DATA EXCERPTS section start
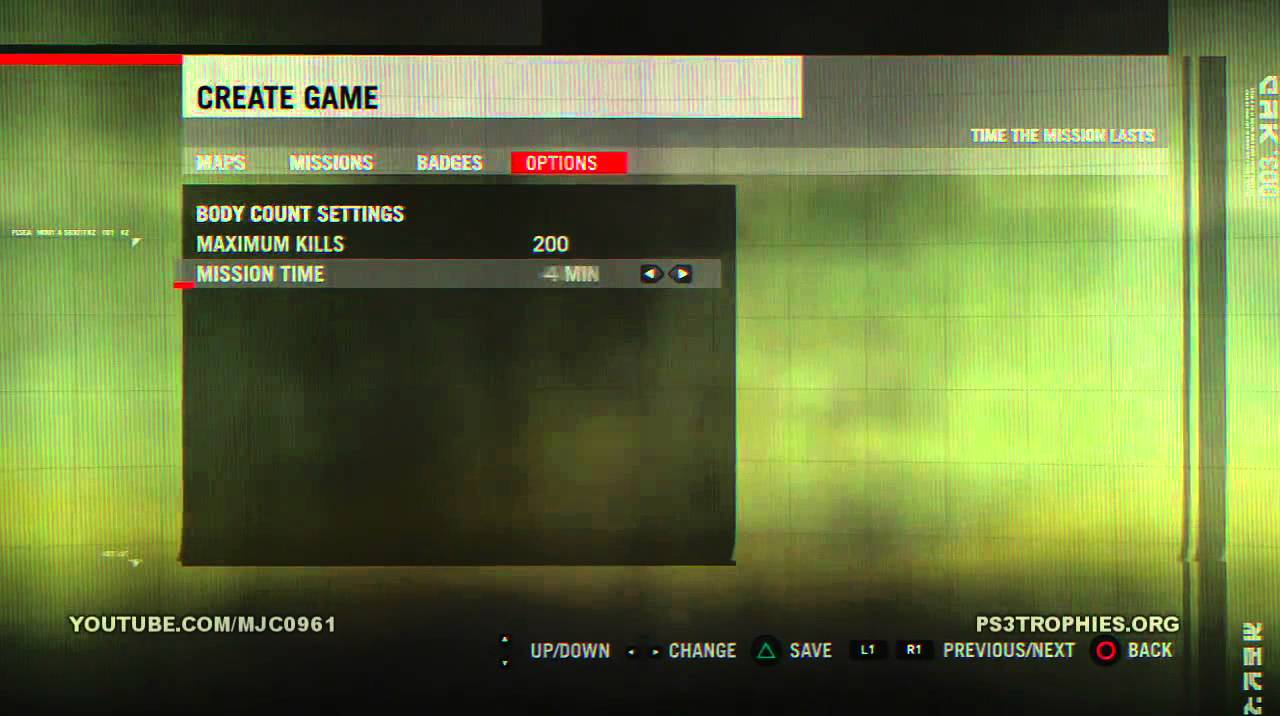 Killzone 2 DLC Trophies - Unranked Bot Match Settings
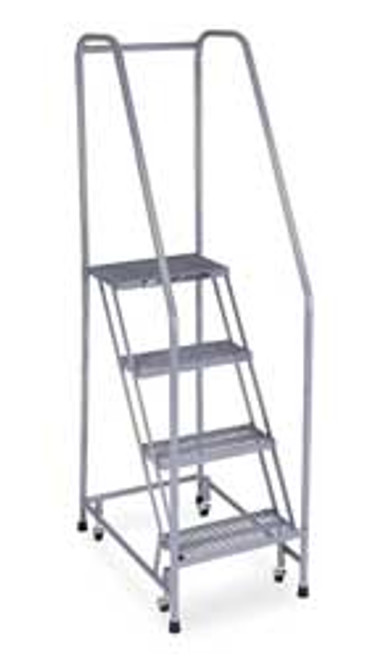 COTTERMAN 1004R1820A1E10B3 SS P6 P8 ROLLING LDR WELDED HNDRL PLATFM 40IN H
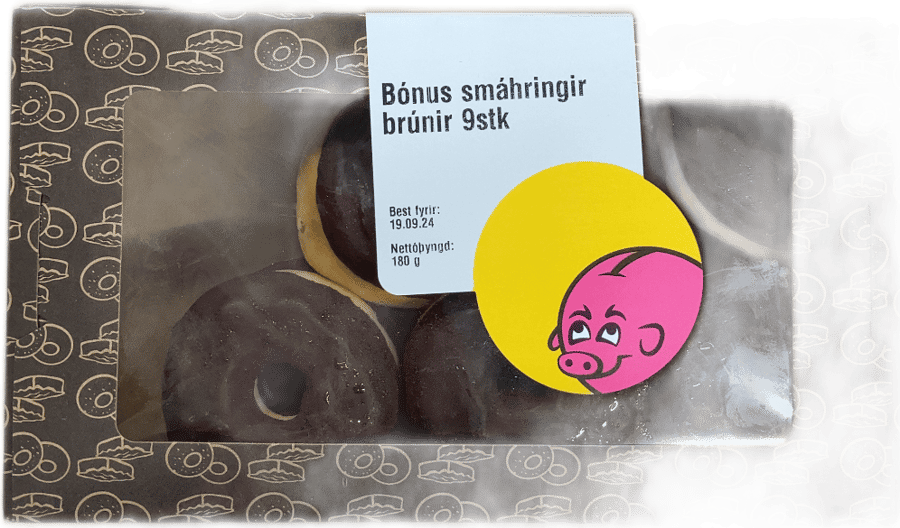 Bónus Smáhringir Brúnir 9 stk 180 g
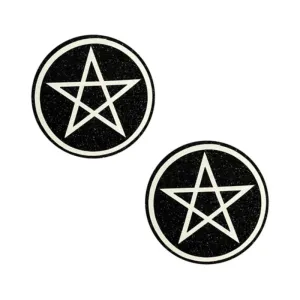 Neva Nude Pasty Wicca Black Glitter
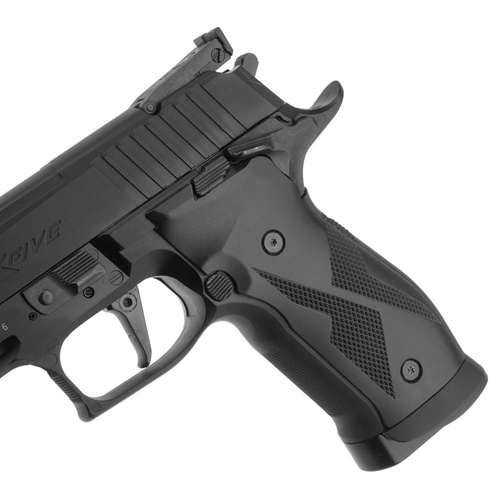 Sig Sauer - SIG X-FIVE™ Pistole vzduchová - zpětný ráz - 4,5 mm - černá - AIR-X5-177-BLK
DATA EXCERPTS section end
*THE TASK:*
Leave out the pictures, then copy all the remaining text in the records exactly.

*WRITTEN RESPONSE:*
 Killzone 2 DLC Trophies - Unranked Bot Match Settings
 COTTERMAN 1004R1820A1E10B3 SS P6 P8 ROLLING LDR WELDED HNDRL PLATFM 40IN H
 Bónus Smáhringir Brúnir 9 stk 180 g
 Neva Nude Pasty Wicca Black Glitter
 Sig Sauer - SIG X-FIVE™ Pistole vzduchová - zpětný ráz - 4,5 mm - černá - AIR-X5-177-BLK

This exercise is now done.